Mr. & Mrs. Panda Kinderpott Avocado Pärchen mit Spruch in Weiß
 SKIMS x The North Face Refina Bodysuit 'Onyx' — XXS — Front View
——
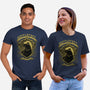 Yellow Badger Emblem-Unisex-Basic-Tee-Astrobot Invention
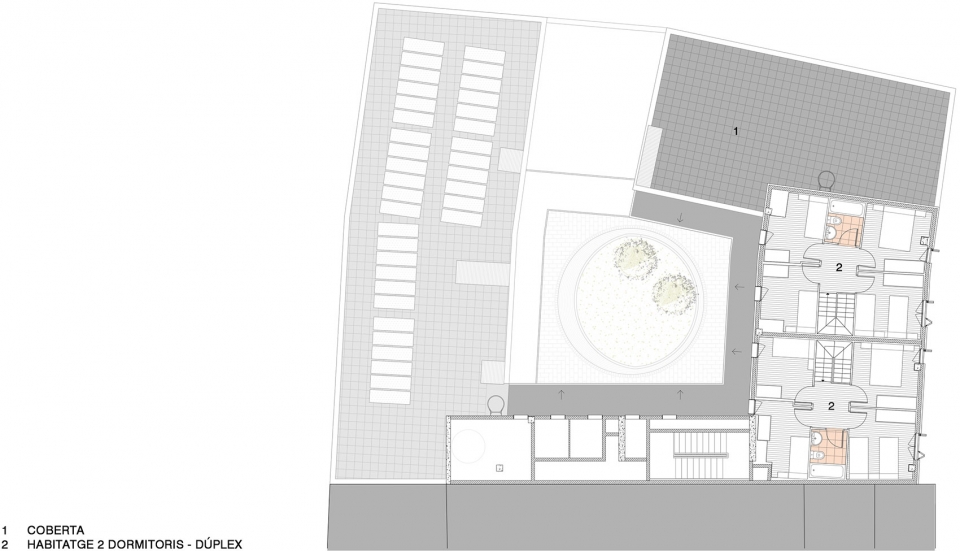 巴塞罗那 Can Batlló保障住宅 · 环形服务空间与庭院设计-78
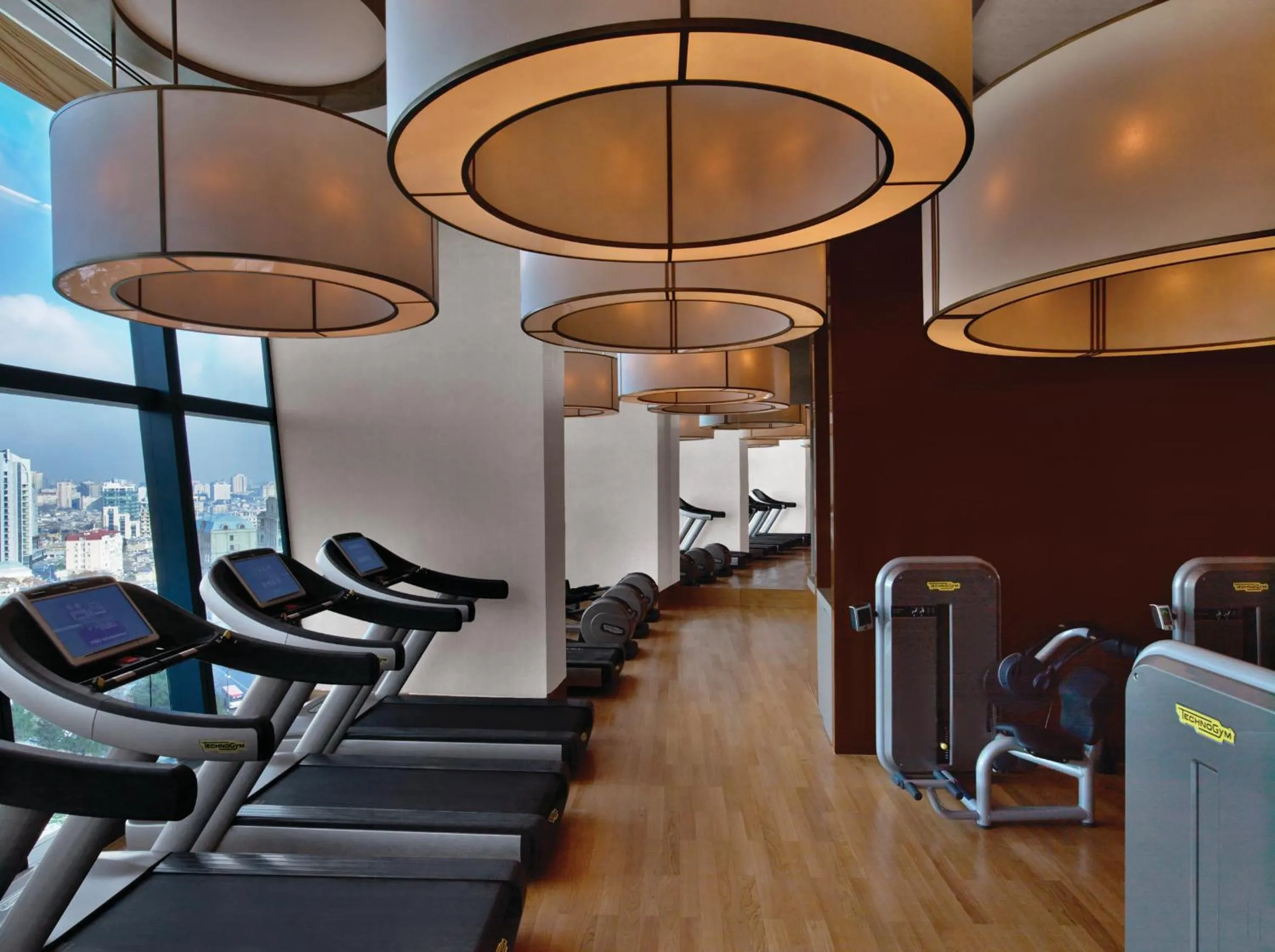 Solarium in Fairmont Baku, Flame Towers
——
Exercise brief
Once the line with "Yellow Badger Emblem-Unisex-Basic-Tee-Astrobot" has been found above, output that line and every later line exactly, stopping after the line with "Solarium in Fairmont Baku, Flame Towers", and omit the pictures.

Answer to this problem
 Yellow Badger Emblem-Unisex-Basic-Tee-Astrobot Invention
 巴塞罗那 Can Batlló保障住宅 · 环形服务空间与庭院设计-78
 Solarium in Fairmont Baku, Flame Towers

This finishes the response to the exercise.